L’art de rue en proie d’être assassiné par Instagram et les réseaux sociaux

L’art de rue est l’une des formes d’expression artistique les plus appréciées des réseaux sociaux. Le fond de ce triomphe digital est toutefois un amalgame d’interpellations personnelles et de recyclage commercial. Ce constat s’applique tout particulièrement aux graffitis, qui façonnent quotidiennement le visage culturel des métropoles modernes en plus de porter un héritage politique important.
Les réseaux sociaux favorisent la démocratisation accélérée des expressions artistiques associées au monde urbain.
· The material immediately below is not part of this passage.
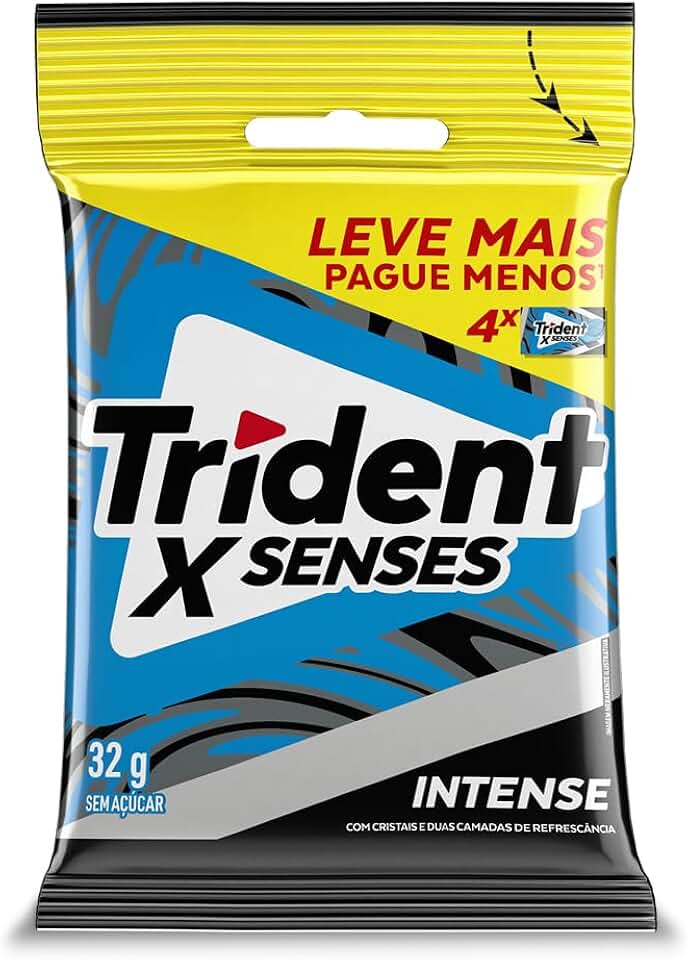 Pack Goma de Mascar Menta Forte Trident Xfresh Pacote 32g 4 Unidades
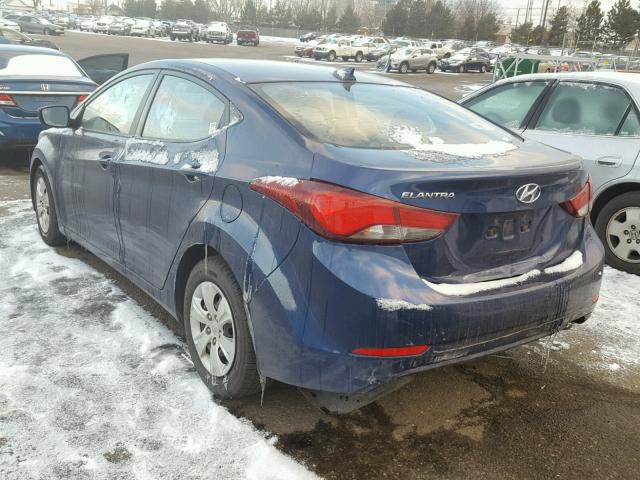 5NPDH4AE6GH710478 - 2016 HYUNDAI ELANTRA SE BLUE photo 3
Cette constatation a notamment été relevée par Nicolas Harding et Rachel E Smith, qui en sont toutes les deux à leur année de doctorat au département de philosophie de l’université de Manchester.
Entre opposition et recyclage commercial
Le graffiti a intégré la sous-culture lorsque le rap s’est développé aux États unis à partir des années 70 et 80. Il a commencé à être utilisé en tant qu’outil d’opposition avec les protestations de mai 68. Cet art a pris le chemin de la tendance grand public avec l’expansion de la toile, des réseaux sociaux et des plateformes telles que YouTube. Les entreprises n’hésiteront pas ainsi à partager des visuels et des annonces publicitaires accommodés à un certain type d’audience. L’effet de saturation induit par cette démarche a conduit à la dissociation du graffiti par rapport à sa véritable essence.
Les utilisateurs d’Instagram en meurtrier du graffiti
Selon Nicola Harding, la diffusion massive des graffitis dans les réseaux sociaux a conduit à un désintérêt du public pour les murs physiques. Ces derniers constituaient pourtant le support de prédilection de cette forme d’art. Instagram est notamment devenu un outil de premier plan pour la diffusion des œuvres d’un grand nombre d’artistes. Ces derniers peuvent en effet se créer tout un réseau de fans en postant leur création sur la toile et en développant l’image de leur profil. Le graffiti s’est ainsi embourgeoisé, à l’abri du risque et de l’esprit d’illégalité qui constituait l’esprit de cette discipline.
La reconversion entrepreneuriale de l’art de rue
D’après les constatations de Nicola Harding, les véritables créateurs d’arts de rue recherchent dans l’entrepreneuriat un moyen de préserver l’essence de la pratique des graffitis. Ils créent notamment des métropoles artistiques pour favoriser le tourisme et séduire des entreprises de toutes envergures. L’art de rue s’en trouve ainsi réduit à traduire les fondements du capitalisme qu’il entendait dénoncer.